Strona:F. H. Burnett - Mała księżniczka.djvu/44

Ta strona została skorygowana.

— Podejdźmy cichutko do drzwi — szepnęła — a potem ja nagle je otworzę. Może uda się nam ją przyłapać.
Na jej twarzyczce igrał uśmiech, ale w oczach lśnił promyk tajemniczej ufności, który dziwnie podziałał na Ermengardę, mimo że nie miała najmniejszego pojęcia, co to wszystko znaczy, — ani też nie wiedziała, kogo i dla jakiej przyczyny zamierzała Sara „przyłapać“. W każdym razie kryła się w tem niewątpliwie jakaś wspaniała i intrygująca niespodzianka, to też Ermengarda drżała w napięciu oczekiwania, idąc na paluszkach za Sarą przez korytarz.

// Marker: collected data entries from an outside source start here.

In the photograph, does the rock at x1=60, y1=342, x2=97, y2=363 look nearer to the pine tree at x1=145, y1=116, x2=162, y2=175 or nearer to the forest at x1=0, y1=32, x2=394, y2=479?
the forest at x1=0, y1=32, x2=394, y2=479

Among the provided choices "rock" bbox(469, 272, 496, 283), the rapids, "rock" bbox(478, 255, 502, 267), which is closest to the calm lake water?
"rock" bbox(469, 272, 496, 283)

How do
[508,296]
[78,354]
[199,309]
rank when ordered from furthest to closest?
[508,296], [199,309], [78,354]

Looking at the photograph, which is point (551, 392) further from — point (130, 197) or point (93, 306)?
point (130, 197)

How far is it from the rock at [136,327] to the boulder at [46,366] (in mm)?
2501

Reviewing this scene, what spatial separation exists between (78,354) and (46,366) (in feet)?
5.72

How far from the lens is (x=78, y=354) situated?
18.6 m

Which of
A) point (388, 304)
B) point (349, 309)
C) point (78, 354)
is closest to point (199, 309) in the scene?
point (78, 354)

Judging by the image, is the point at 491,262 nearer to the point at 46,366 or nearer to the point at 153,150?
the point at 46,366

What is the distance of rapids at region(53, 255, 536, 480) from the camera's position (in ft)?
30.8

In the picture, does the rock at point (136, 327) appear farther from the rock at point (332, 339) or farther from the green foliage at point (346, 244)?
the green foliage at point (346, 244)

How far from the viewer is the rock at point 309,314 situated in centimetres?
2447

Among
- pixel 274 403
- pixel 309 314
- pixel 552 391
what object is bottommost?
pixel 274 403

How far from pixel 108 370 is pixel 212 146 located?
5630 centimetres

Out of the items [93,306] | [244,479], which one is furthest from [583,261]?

Tak bez szelestu dotarły aż do samych drzwi. Wówczas Sara nagle nacisnęła klamkę i otwarła drzwi naoścież. Oczom przybyłych ukazał się pokój najzupełniej cichy i spokojny, w którym wszystko było na właściwem miejscu. Obok kominka, na którym łagodnie tlił się ogień, siedziała na krzesełku prześliczna lalka, niby to zaczytana w leżącej przed nią książce.

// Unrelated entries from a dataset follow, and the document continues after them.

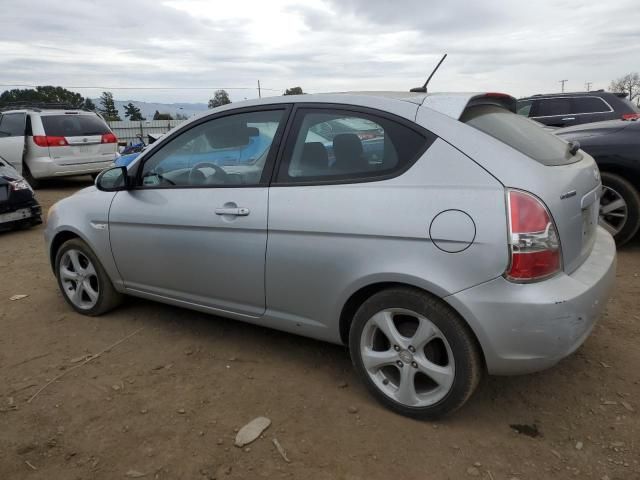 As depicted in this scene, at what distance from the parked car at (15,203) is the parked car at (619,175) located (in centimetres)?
724

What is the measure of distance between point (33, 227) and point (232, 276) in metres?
6.14

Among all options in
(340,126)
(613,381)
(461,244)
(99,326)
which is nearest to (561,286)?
(461,244)

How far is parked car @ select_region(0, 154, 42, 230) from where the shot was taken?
7.21 meters

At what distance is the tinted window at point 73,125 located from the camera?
10.5 metres

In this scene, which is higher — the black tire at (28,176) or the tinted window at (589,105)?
the tinted window at (589,105)

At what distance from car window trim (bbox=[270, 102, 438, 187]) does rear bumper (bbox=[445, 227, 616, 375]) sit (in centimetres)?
70

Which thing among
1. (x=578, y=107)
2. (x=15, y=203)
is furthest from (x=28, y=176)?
(x=578, y=107)

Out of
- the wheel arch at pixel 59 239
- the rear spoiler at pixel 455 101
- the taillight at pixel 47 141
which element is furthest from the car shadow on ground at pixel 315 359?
the taillight at pixel 47 141

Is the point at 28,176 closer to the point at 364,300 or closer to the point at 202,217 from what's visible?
the point at 202,217

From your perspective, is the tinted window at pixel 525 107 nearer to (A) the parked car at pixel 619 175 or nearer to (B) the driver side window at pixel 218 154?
(A) the parked car at pixel 619 175

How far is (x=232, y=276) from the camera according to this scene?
10.2ft

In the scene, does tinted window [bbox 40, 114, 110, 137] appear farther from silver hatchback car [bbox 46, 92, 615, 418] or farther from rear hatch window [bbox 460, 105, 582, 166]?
rear hatch window [bbox 460, 105, 582, 166]

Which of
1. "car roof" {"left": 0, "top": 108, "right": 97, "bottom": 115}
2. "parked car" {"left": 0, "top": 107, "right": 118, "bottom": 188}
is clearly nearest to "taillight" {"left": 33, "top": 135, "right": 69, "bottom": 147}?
"parked car" {"left": 0, "top": 107, "right": 118, "bottom": 188}

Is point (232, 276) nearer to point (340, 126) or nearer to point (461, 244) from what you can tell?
point (340, 126) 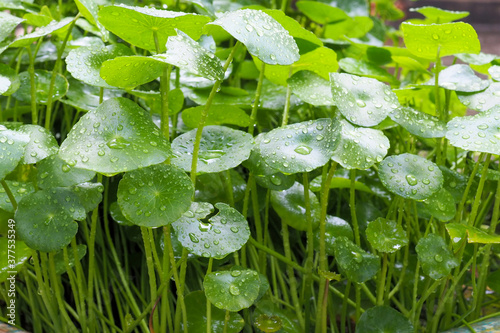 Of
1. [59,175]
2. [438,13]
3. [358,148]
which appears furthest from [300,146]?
[438,13]

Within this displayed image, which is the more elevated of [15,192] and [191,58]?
[191,58]

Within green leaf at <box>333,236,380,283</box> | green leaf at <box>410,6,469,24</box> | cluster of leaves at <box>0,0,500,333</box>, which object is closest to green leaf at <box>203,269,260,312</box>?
cluster of leaves at <box>0,0,500,333</box>

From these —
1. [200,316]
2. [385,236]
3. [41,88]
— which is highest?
[41,88]

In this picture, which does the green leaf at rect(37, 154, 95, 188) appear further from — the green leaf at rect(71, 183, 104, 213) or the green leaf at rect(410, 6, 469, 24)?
the green leaf at rect(410, 6, 469, 24)

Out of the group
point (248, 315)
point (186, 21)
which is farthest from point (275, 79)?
point (248, 315)

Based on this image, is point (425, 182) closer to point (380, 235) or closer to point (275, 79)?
point (380, 235)

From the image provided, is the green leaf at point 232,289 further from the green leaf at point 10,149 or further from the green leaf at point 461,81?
the green leaf at point 461,81

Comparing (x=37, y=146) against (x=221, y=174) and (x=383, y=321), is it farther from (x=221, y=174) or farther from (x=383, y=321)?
(x=383, y=321) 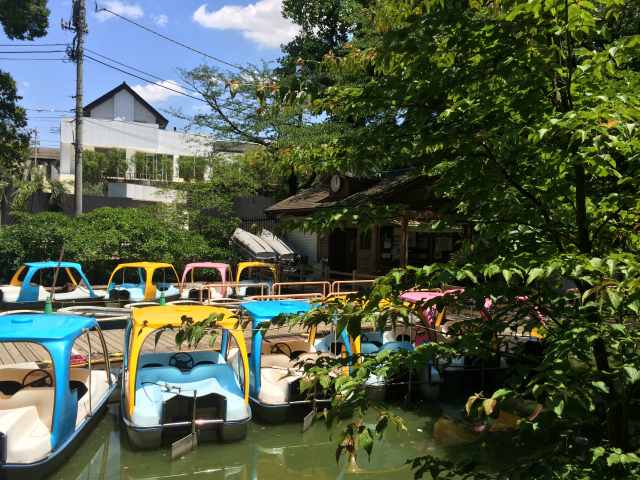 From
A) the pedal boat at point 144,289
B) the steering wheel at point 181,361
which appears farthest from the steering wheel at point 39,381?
the pedal boat at point 144,289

— Oho! już wróciła na krzesełko, zanim zdążyłyśmy ją podpatrzeć! — zawołała Sara. — One tak zawsze robią! potrafią przebiec przez pokój prędko jak błyskawica.
Ermengarda jęła patrzeć to na nią, to na lalkę.
— Czy ona umie... chodzić? — zapytała głosem stłumionym.